Juan Leins- lanas en español- no había tenido más remedio que proceder al apagón tecnológico en su casa. Empezó con el teléfono inalámbrico y prosiguió con todos los cachivaches con alguna suerte de reclamo. Pero principalmente era el teléfono móvil el que a base de añadir una y otra vez aplicaciones se había convertido en un bombardero de información.
Comprobó finalmente que con tal operación había recuperado espacio vital. Empezaba a ser dueño de una casa- tomada, lenta pero inexorablemente, por la tecnología- nuevamente. Y lo celebró enfrascándose en lecturas que tenía aplazadas precisamente por no ser dueño de aquel espacio vital.
La invasión sutil se había resuelto con la desprogramación de todo lo que hiciera ruido en aquel hogar.
Principalmente al teléfono celular no había tenido más remedio que resetearlo o poner en valores de fabricación.
Lo mismo otros utensilios que pedían su ración de atención.
Respiró entonces tranquilo, sobre todo los primeros días. Daba gusto aquella paz. Una sensación equivalente a la del que estrena casa, comprobando, luego, sin embargo, que el silencio se empezó también a hacer sobrecogedor.
Es inevitable que quien se ha sentido acompañado por ruidos domésticos que de repente cesan, sienta cierta sensación de vacío a su alrededor. El horror vacui- que decía Aristóteles- se estaba empezando a enseñorear de la vivienda, hasta tal punto que la opción era enchufar nuevamente los aparatos o lanzarme a la calle a buscar ruidos. No le parecía de recibo volver a las andadas tecnológicas, ni tampoco salir a la calle como un desesperado a buscar conversación. La televisión se vislumbraba- allí aparcada en su rincón- como chupete de ansiedades inconfesadas de miedo a los demás.
Y estaba a punto de arrojarse a los influjos de la nueva héjira que representa la televisión, cuando recordó que en algún estante olvidado y escondido tenía un reloj despertador. De los de cuerda. De los que marcan con su diapasón sonoro el paso del tiempo. En adelante sus pensamientos no vagarían solos por la estancia perdiéndose irremisiblemente al no tener a nadie con quien comunicar.
El aparato, una vez que le dió cuerda, repetía, devolviéndoselos, sus propios pensamientos. Le procuraba con su martilleo, compañía e ilusión de comunicación.
Fue así cómo se libró del pernicioso influjo de la moda que se había acabado de enseñorear en televisión.

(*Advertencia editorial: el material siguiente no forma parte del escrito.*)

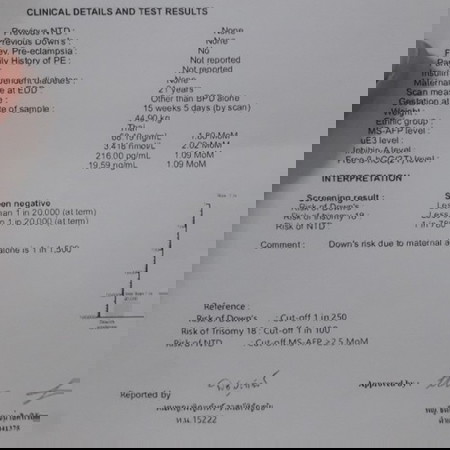 เจาะเลือดตรวจดาวน์ซินโดม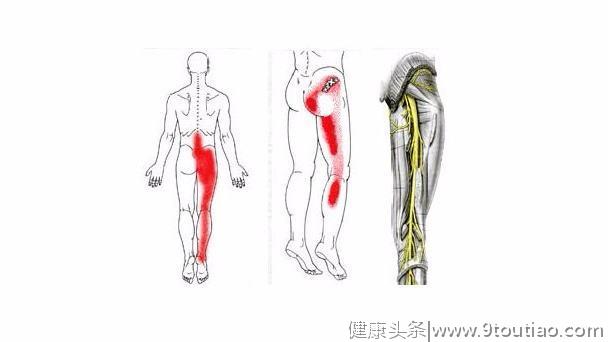 你的屁股疼痛 原来是坐骨神经的问题  针灸推拿效果非常好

Su casa se empezó a hacer como el país- gobernable- bajo la nueva férula del despertador. Aquella nueva etapa prometía. Hacía tiempo que había deseado que aconteciera algo relevante sin saber que estaba tan al alcance de la mano. A partir de entonces empezó a tomar conciencia de la importancia de los pequeños gestos y detalles. Era desde que había dejado de tomar café. Su psique había empezado a darse cuenta de los pequeños cambios y mensajes al dejar de embotar sus sentidos con cafeínas y demás.
Algo tan insignificante como un despertador de los antiguos: de resorte, y su acompasado reclamo habían poblado su casa con su sonido doméstico haciendo sensación de hogar. No era menester tener por allí un gran perro de lanas, o la televisión a todo trapo para ahuyentar la sensación de soledad que inevitablemente parece conexa a una casa vacía.
No tenía hijos, ni mujer, ni encendía el televisor, pero era suficiente para ahuyentar las sombras de los pasillos aquel reloj despertador. Y todo, ya digo, por dejar el café. En el cuerpo sano, se ve, no hay necesidad de nada más. Hasta entonces había creído que era el silencio y su temor el motor del comportamiento humano, y resultaba que no, que lo nos lleva a cometer errores es la falta de imaginación.